Corequisites: MA253 Analytical Geometry and Calculus 3, PH26 Engineering Physics 2


Texts: Electrical Circuits 10E, James Nilsson, Addison-Wesley Publishing Company
Tools: An electronic protoboard/breadboard and a scientific calculator with trig, exponential and polar to rectangular functions, preferably with simultaneous equation solution capability.

Laboratory Manual for DC Electrical Circuit Analysis, James M. Fiore (OER):  PDF   ODT   HTML  PRINT 
Laboratory Manual for AC Electrical Circuit Analysis, James M. Fiore (OER):  PDF   ODT   HTML  PRINT

Supporting Texts:
DC Electrical Circuit Analysis: A Practical Approach, James M. Fiore, a free OER text:  PDF   ODT  HTML  PRINT
AC Electrical Circuit Analysis: A Practical Approach, James M. Fiore, a free OER text:  PDF   ODT  HTML  PRINT

Video: See the AC and DC Electrical Circuit Analysis playlists on my YouTube channel: ElectronicsWithProfessorFiore 

Course Assessment Standards



This is an introductory course, and as such, it assumes that you know very little about electricity. No previous course work in electricity or electronics is required. Basic electrical concepts such as voltage, current, power, and resistance are introduced and examined for DC (direct current) and AC (alternating current). Fundamental laws and relationships such as Ohm's law and power law are developed. Analysis techniques include series-parallel simplification; Thevenin's, Norton's, and superposition theorems; and mesh and nodal analysis. A good scientific calculator with simultaneous equation solution capability will be of great use and is strongly recommended. Further, smart devices will not be allowed during tests. Unless otherwise specified, all lab exercises require a technical report due no later than one week after the exercise. Late penalty is one letter grade for the first half week, two letter grades for the second half week. Reports are not accepted beyond two weeks and receive a grade of 0. Remember, plagiarism is grounds for failure.
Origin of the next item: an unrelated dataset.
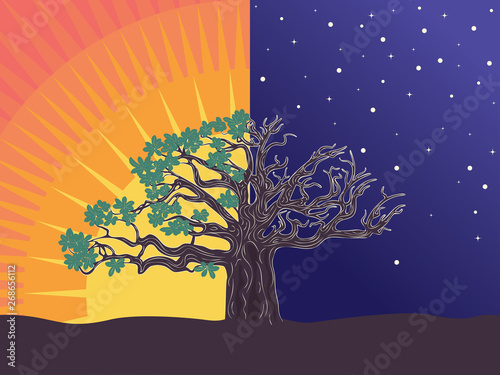 Night and sunset big tree © AnnaPa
An on-line resource covering a variety of electrical circuit topics and reference material may be found at: Check out my home page for free circuit simulators and other OER (Open Educational Resources).

Week-by-week progress and assignments (note that the problems are found in the OER texts, not the Nilsson text, unless stated otherwise)


We begin with an introduction to electrical quantities such as charge, current, voltage, power, resistance, conductance and impedance. We define voltage and current sources, both independent and dependent.

  • Reading: Chapter 1 and start chapter 2. Check out the Concise Introduction to TINA prior to our first lab.
  • Problems: We begin with the DC Electrical Circuit Analysis text for practice problems. DC chapter 2: 7, 11, 13, 15, 17, 21, 23, 25, 27. 
  • Lab: We start the semester with proper lab safety procedures and then we'll review technical report requirements. The first lab is The Electrical Laboratory and DC Sources and Metering (exercises for weeks one through nine are found in the DC Lab Manual)

We look at basic interrelationships such as Ohm's law, power law and Kirchhoff's laws, and begin series circuits.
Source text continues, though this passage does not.